• _Record extracts_:
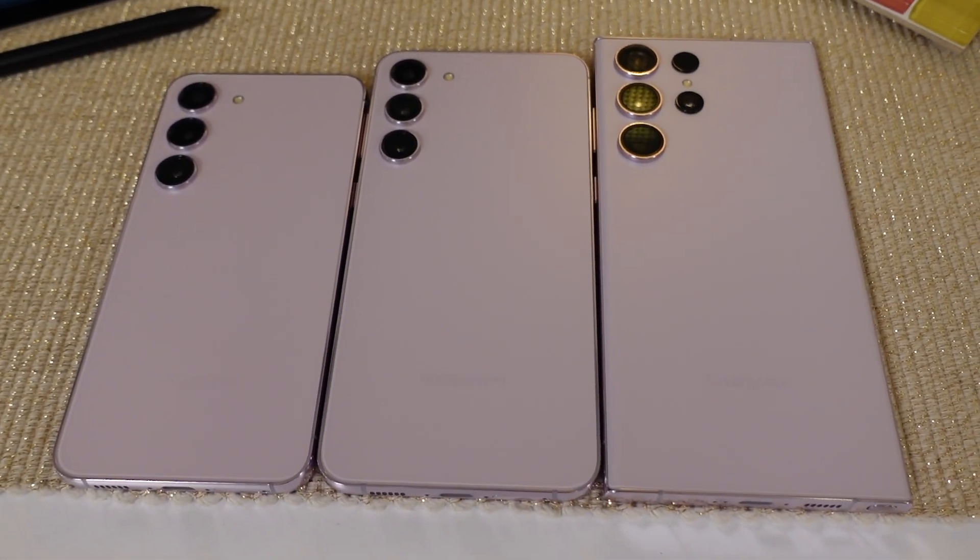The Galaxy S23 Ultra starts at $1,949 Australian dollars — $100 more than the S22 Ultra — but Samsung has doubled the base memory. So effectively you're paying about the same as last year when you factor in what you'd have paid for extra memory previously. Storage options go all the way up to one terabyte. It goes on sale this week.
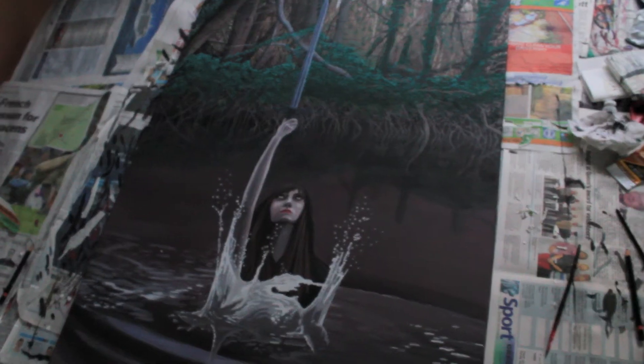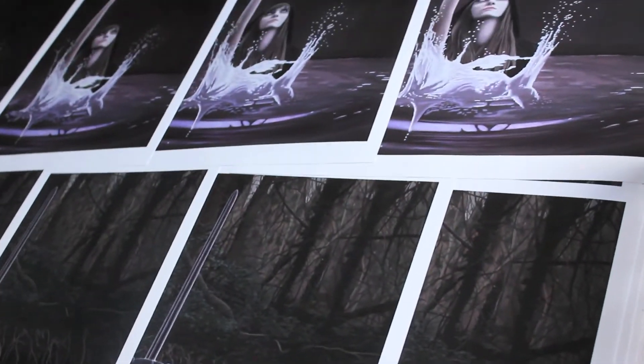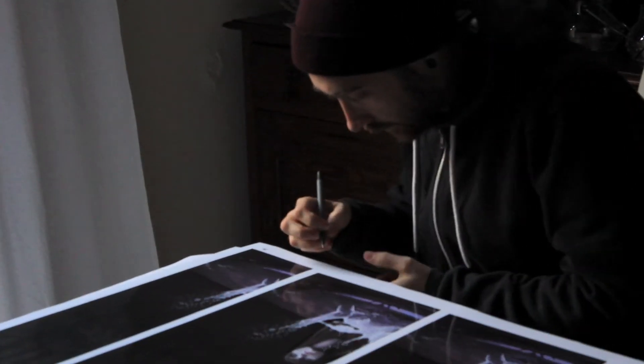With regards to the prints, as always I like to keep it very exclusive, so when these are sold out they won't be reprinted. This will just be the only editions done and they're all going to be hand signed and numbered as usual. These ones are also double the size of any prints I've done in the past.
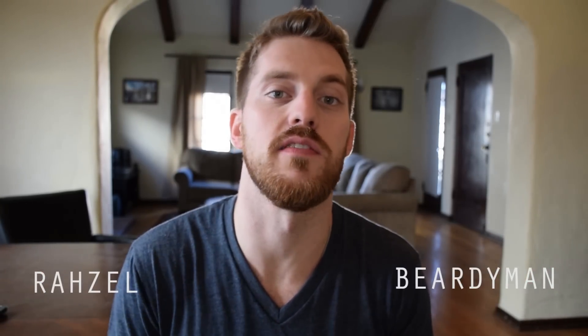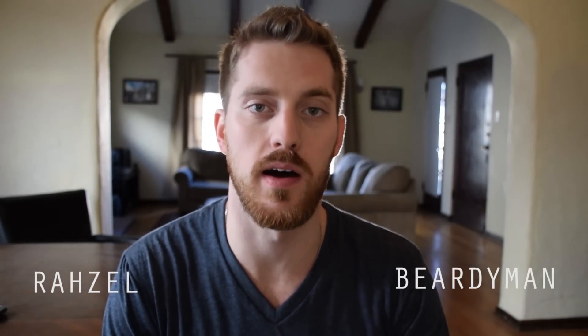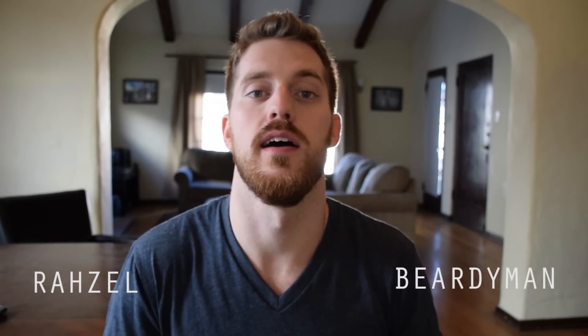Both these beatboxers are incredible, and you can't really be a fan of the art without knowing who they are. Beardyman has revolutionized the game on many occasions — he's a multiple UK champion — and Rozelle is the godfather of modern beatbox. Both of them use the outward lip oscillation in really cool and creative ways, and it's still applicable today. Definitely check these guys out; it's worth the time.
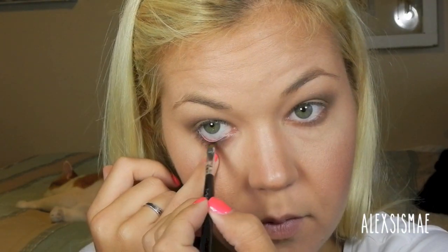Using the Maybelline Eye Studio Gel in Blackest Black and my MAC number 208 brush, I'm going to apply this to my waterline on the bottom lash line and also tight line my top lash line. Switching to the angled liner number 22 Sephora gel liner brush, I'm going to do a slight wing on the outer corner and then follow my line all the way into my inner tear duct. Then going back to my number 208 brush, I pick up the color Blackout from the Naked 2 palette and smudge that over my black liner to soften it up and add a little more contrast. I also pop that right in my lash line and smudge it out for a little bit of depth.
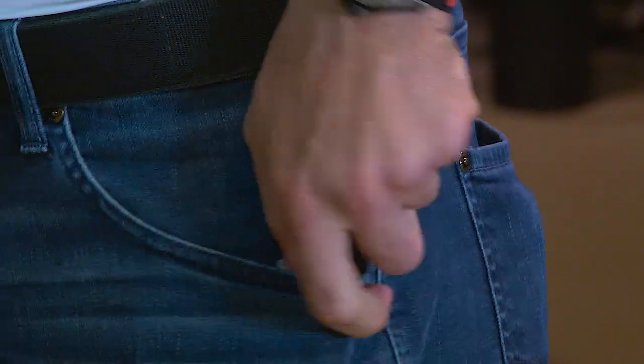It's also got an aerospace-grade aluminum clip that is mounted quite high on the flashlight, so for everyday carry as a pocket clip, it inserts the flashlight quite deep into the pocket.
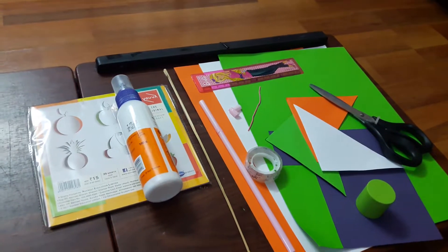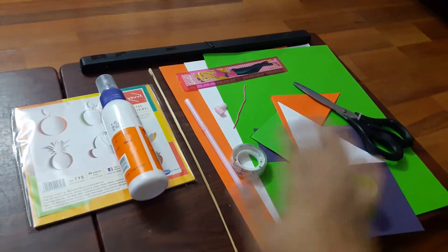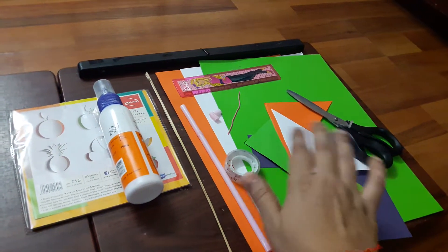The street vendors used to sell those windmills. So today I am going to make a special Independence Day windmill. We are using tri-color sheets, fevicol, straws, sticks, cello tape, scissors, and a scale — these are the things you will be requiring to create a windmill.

• _Problem to work on_: Using the data above, write out every line exactly, leaving the images behind.

• _Your solution_:
The Galaxy S23 Ultra starts at $1,949 Australian dollars — $100 more than the S22 Ultra — but Samsung has doubled the base memory. So effectively you're paying about the same as last year when you factor in what you'd have paid for extra memory previously. Storage options go all the way up to one terabyte. It goes on sale this week.
With regards to the prints, as always I like to keep it very exclusive, so when these are sold out they won't be reprinted. This will just be the only editions done and they're all going to be hand signed and numbered as usual. These ones are also double the size of any prints I've done in the past.
Both these beatboxers are incredible, and you can't really be a fan of the art without knowing who they are. Beardyman has revolutionized the game on many occasions — he's a multiple UK champion — and Rozelle is the godfather of modern beatbox. Both of them use the outward lip oscillation in really cool and creative ways, and it's still applicable today. Definitely check these guys out; it's worth the time.
Using the Maybelline Eye Studio Gel in Blackest Black and my MAC number 208 brush, I'm going to apply this to my waterline on the bottom lash line and also tight line my top lash line. Switching to the angled liner number 22 Sephora gel liner brush, I'm going to do a slight wing on the outer corner and then follow my line all the way into my inner tear duct. Then going back to my number 208 brush, I pick up the color Blackout from the Naked 2 palette and smudge that over my black liner to soften it up and add a little more contrast. I also pop that right in my lash line and smudge it out for a little bit of depth.
It's also got an aerospace-grade aluminum clip that is mounted quite high on the flashlight, so for everyday carry as a pocket clip, it inserts the flashlight quite deep into the pocket.
The street vendors used to sell those windmills. So today I am going to make a special Independence Day windmill. We are using tri-color sheets, fevicol, straws, sticks, cello tape, scissors, and a scale — these are the things you will be requiring to create a windmill.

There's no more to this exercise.